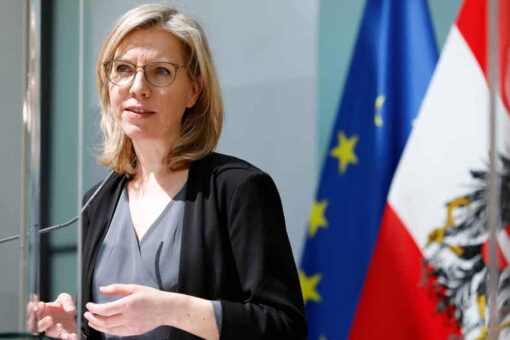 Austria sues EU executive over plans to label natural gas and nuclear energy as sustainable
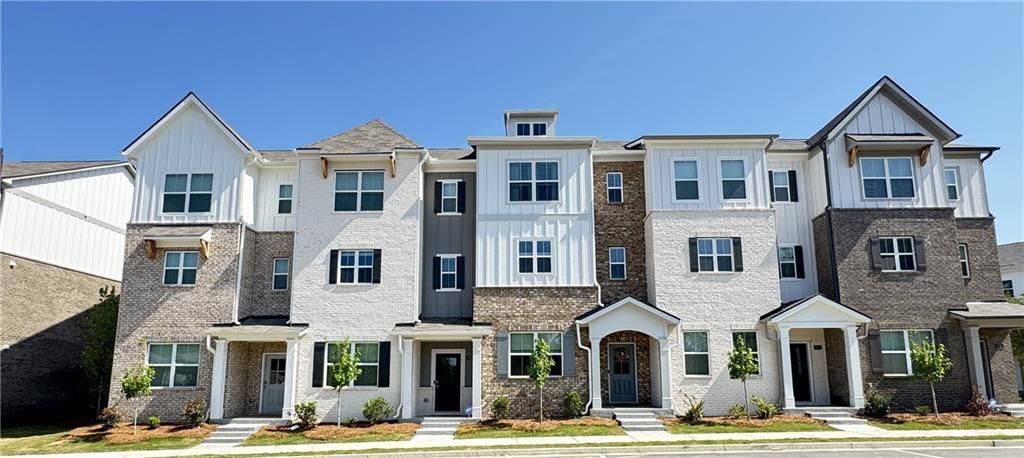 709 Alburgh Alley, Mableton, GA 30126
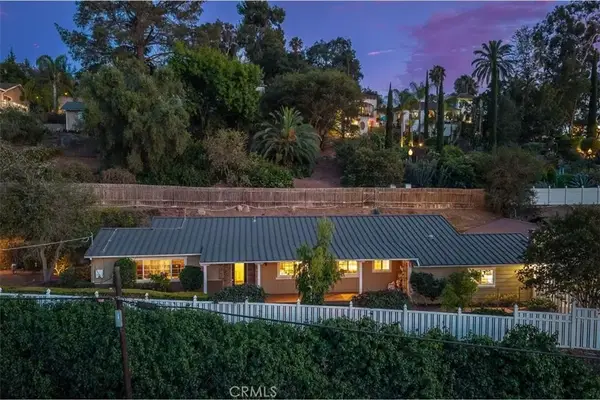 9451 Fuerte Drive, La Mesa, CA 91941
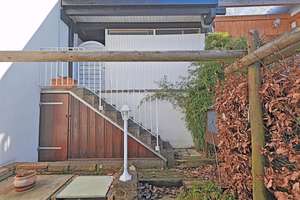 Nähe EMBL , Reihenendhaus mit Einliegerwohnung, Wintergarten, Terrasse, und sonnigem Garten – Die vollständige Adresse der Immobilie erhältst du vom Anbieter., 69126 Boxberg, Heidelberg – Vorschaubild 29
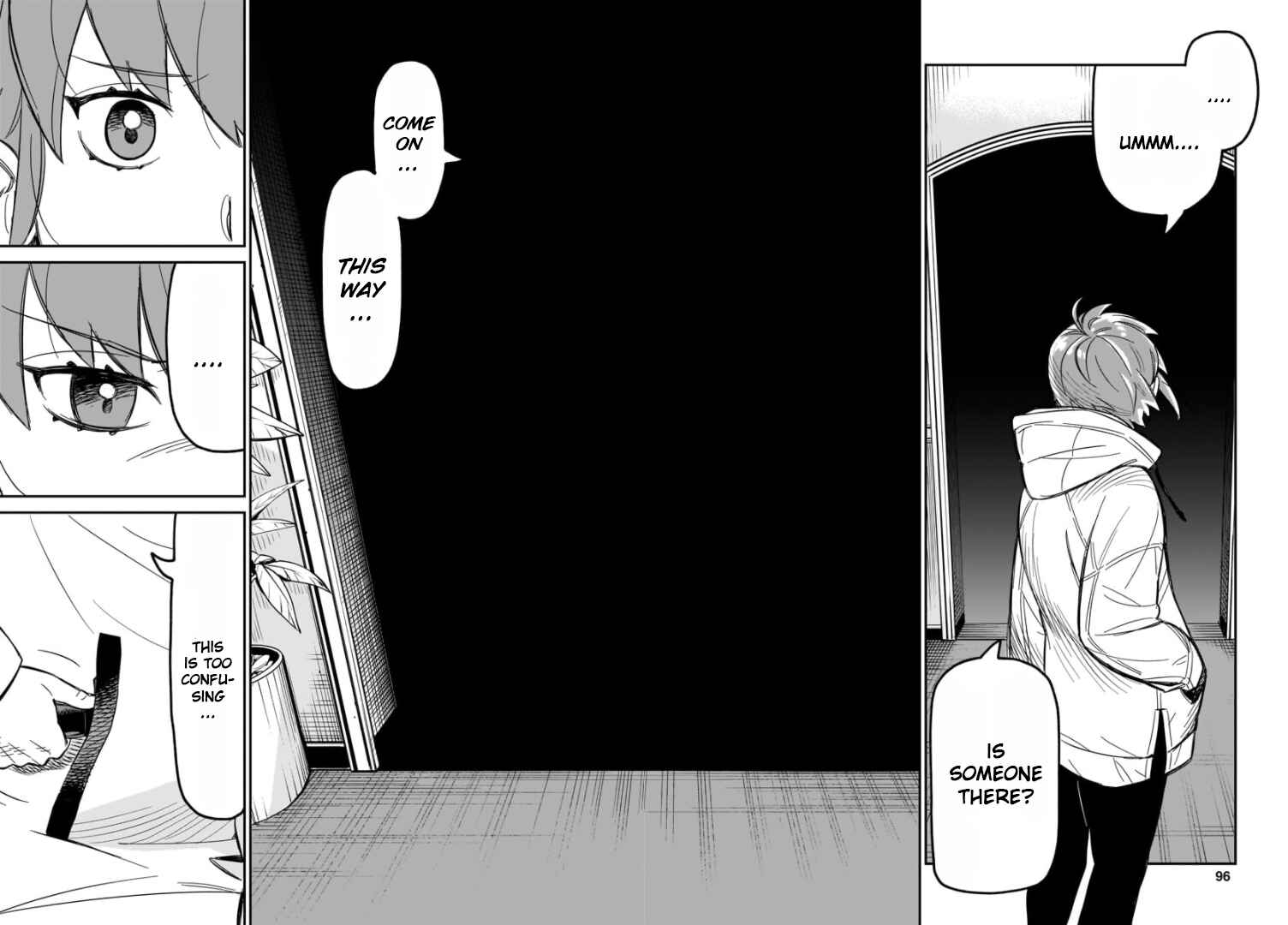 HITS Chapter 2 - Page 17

* * *

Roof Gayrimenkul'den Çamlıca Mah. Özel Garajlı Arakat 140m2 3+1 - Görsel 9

==

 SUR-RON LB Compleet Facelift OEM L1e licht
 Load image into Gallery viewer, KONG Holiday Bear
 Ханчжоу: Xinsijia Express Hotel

- TASK ITEM -
Quote word for word only the lines above from the one containing "Austria sues EU" through the one containing "HITS Chapter 2 - Page 17". Pictures stay out of your copy.

- RESULT OF THE EXERCISE -
 Austria sues EU executive over plans to label natural gas and nuclear energy as sustainable
 709 Alburgh Alley, Mableton, GA 30126
 9451 Fuerte Drive, La Mesa, CA 91941
 Nähe EMBL , Reihenendhaus mit Einliegerwohnung, Wintergarten, Terrasse, und sonnigem Garten – Die vollständige Adresse der Immobilie erhältst du vom Anbieter., 69126 Boxberg, Heidelberg – Vorschaubild 29
 HITS Chapter 2 - Page 17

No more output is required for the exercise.